I do have one question though: in the current KIP, throwing
TimeoutException to mark
that time limit is exceeded is applied to all new methods introduced in
this proposal.
However, how would users respond when a TimeoutException (since it is
considered
a RuntimeException)?

Thanks,
Richard



On Mon, Mar 19, 2018 at 6:10 PM, Richard Yu <yohan.richard...@gmail.com>
wrote:

> Hi Ismael,
>
> You have a great point. Since most of the methods in this KIP have similar
> callbacks (position() and committed() both use fetchCommittedOffsets(),
> and
> commitSync() is similar to position(), except just updating offsets), the
> amount of time
> they block should be also about equal.
>
> However, I think that we need to take into account a couple of things. For
> starters,
> if the new methods were all reliant on one config, there is likelihood
> that the
> shortcomings for this approach would be similar to what we faced if we let
> request.timeout.ms control all method timeouts. In comparison, adding
> overloads
> does not have this problem.
>
> If you have further thoughts, please let me know.
>
> Richard
>
>
> On Mon, Mar 19, 2018 at 5:12 PM, Ismael Juma <ism...@juma.me.uk> wrote:
>
>> Hi,
>>
>> An option that is not currently covered in the KIP is to have a separate
>> config max.block.ms, which is similar to the producer config with the
>> same
>> name. This came up during the KAFKA-2391 discussion. I think it's clear
>> that we can't rely on request.timeout.ms, so the decision is between
>> adding
>> overloads or adding a new config. People seemed to be leaning towards the
>> latter in KAFKA-2391, but Jason makes a good point that the overloads are
>> more flexible. A couple of questions from me:
>>
>> 1. Do we need the additional flexibility?

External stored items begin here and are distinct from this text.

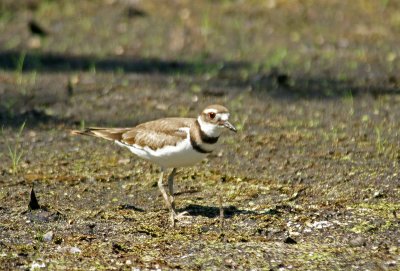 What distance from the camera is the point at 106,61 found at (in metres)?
12.6

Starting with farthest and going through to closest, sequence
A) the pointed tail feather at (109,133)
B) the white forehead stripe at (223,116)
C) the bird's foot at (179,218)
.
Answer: the pointed tail feather at (109,133)
the white forehead stripe at (223,116)
the bird's foot at (179,218)

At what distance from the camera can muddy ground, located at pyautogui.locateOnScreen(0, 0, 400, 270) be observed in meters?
6.66

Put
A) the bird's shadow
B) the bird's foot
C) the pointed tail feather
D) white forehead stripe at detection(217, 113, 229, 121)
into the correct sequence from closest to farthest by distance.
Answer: the bird's foot → white forehead stripe at detection(217, 113, 229, 121) → the bird's shadow → the pointed tail feather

>> 2. If we do, do we need it for every blocking method?
>>
>> Ismael
>>
>> On Mon, Mar 19, 2018 at 5:03 PM, Richard Yu <yohan.richard...@gmail.com>
>> wrote:
>>
>> > Hi Guozhang,
>> >
>> > I made some clarifications to KIP-266, namely:
>> > 1. Stated more specifically that commitSync will accept user input.

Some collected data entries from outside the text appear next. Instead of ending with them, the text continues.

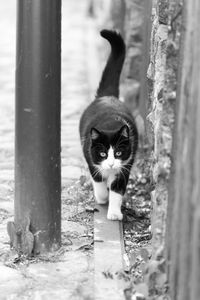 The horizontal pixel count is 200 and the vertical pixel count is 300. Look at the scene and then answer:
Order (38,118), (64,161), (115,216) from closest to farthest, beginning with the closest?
(38,118), (115,216), (64,161)

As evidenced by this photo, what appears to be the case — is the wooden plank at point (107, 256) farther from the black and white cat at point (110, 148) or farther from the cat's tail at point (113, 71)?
the cat's tail at point (113, 71)

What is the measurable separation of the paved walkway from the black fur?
464 mm

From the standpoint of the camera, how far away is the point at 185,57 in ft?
9.52

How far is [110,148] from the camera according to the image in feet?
15.3

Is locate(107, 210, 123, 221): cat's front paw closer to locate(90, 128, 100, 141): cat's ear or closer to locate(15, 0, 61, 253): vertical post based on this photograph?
locate(90, 128, 100, 141): cat's ear

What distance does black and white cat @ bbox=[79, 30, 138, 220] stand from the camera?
463 centimetres

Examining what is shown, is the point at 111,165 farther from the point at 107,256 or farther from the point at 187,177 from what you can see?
the point at 187,177

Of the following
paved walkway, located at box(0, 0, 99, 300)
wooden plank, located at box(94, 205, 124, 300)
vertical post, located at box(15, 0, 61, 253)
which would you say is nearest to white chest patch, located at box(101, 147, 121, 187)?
wooden plank, located at box(94, 205, 124, 300)

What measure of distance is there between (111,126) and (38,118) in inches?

>> > 2. fetchCommittedOffsets(): Made its role in blocking more clear to the
>> > reader.
>> > 3. Sketched what would happen when time limit is exceeded.
>> >
>> > These changes should make the KIP easier to understand.
>> >
>> > Cheers,
>> > Richard
>> >
>> > On Mon, Mar 19, 2018 at 9:33 AM, Guozhang Wang <wangg...@gmail.com>
>> wrote:
>> >
>> > > Hi Richard,
>> > >
>> > > I made a pass over the KIP again, some more clarifications / comments:
>> > >
>> > > 1. seek() call itself is not blocking, only the following poll() call
>> may
>> > > be blocking as the actually metadata rq will happen.
>> > >
>> > > 2. I saw you did not include Consumer.partitionFor(),
>> > > Consumer.OffsetAndTimestamp() and Consumer.listTopics() in your KIP.
>> > After
>> > > a second thought, I think this may be a better idea to not tackle
>> them in
>> > > the same KIP, and probably we should consider whether we would change
>> the
>> > > behavior or not in another discussion. So I agree to not include them.
>> > >
>> > > 3. In your wiki you mentioned "Another change shall be made to
>> > > KafkaConsumer#poll(), due to its call to updateFetchPositions() which
>> > > blocks indefinitely." This part may a bit obscure to most readers
>> who's
>> > not
>> > > familiar with the KafkaConsumer internals, could you please add more
>> > > elaborations. More specifically, I think the root causes of the public
>> > APIs
>> > > mentioned are a bit different while the KIP's explanation sounds like
>> > they
>> > > are due to the same reason:
>> > >
>> > > 3.1 fetchCommittedOffsets(): this internal call will block forever if
>> the
>> > > committed offsets cannot be fetched successfully and affect position()
>> > and
>> > > committed(). We need to break out of its internal while loop.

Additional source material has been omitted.